Kara Newhouse: How Encouraging Rough Draft Thinking in Math Class Highlights the Strengths of All Students

An article came across my screen that immediately resonated with me and my experiences teaching math at UCDS. Kara Newhouse discussed the idea of applying the concept of “Rough Draft Thinking” to the instruction and study of math with Amanda Jansen, a University of Delaware math education researcher, and author of the book Rough Draft Math: Revising to Learn. 

Rough drafting is ubiquitous in writing instruction and practice—the idea that any piece of writing benefits from rereading, reflection, feedback and revision is something that we start teaching children from a very young age. It makes one wonder: if we aren’t expecting a finished product from our emerging writers, why are we expecting it from budding mathematicians? 

If you’ve had the chance to participate in UCDS’s Math Workshop, you know why this more process-driven approach to math stood out to me. As a new teacher, when I took Math Workshop, I was excited by the reframing of math as a guided exploration rather than a performance of memorized tasks. As someone who always struggled with memorizing math facts and algorithms, this appealed to me on a personal level. As a new teacher who believed strongly in preserving and honoring the curiosity of kids, I appreciated the idea that if we remove the performance demands of math instruction, we could ask students to take on bigger concepts and explore them from a very young age. 

Jansen’s description of teachers who embrace the rough draft philosophy is what you’ll see in math conversations at UCDS: “If we shift our role as a teacher from an evaluator to more of someone that’s making sense out of ideas along with people, that’s a very different way of interacting.” She also discusses the importance of sharing one’s work, another important step in the UCDS Math Vitamin process. Every time we’re being asked to articulate our thinking we make new connections or crystallize our ideas just by trying to put them into words or trying to put them into writing.” At UCDS, once a student completes the initial building and drawing steps of a Math Vitamin, they are asked to record with an equation and then share what they learned with a teacher and often with a peer. As students’ writing skills grow, they are asked to write about their learning as an integral piece of the documentation process.  

Reflecting on their learning is often a part of this writing process.
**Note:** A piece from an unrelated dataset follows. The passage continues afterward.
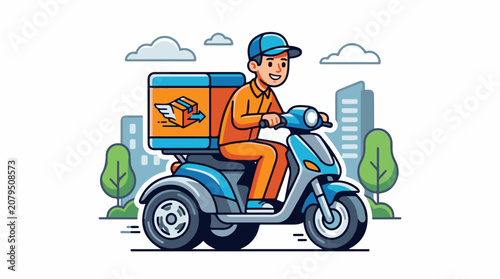 Cheerful person on scooter delivering a package in the city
As Jansen discusses why this is important, I learned more about the science of why we ask students to think back on the learning process. “There’s a phenomenon that when you understand something new and you develop a deep understanding for it, you feel like you’ve always known it. Honoring that history of how the idea came to evolve helps you when you hit a new topic that’s very amorphous and challenging to understand. It normalizes and reminds you about the ongoing learning process.”

One of the statements that stood out the most to me is actually not about students at all, but about how rough draft thinking supports teachers. I’ve found that if I treat my work as a teacher as a draft, then a misstep is a learning opportunity, not something to get frustrated about.” I was lucky that I developed and continue to hone my teaching craft at UCDS, a place that lives and breathes a growth mindset, so the idea that teachers are continually observing, reflecting and revising their approach is not new to me. But, it never hurts to be reminded that modeling authentic learning with tolerance for the process is beneficial for both students and teachers alike.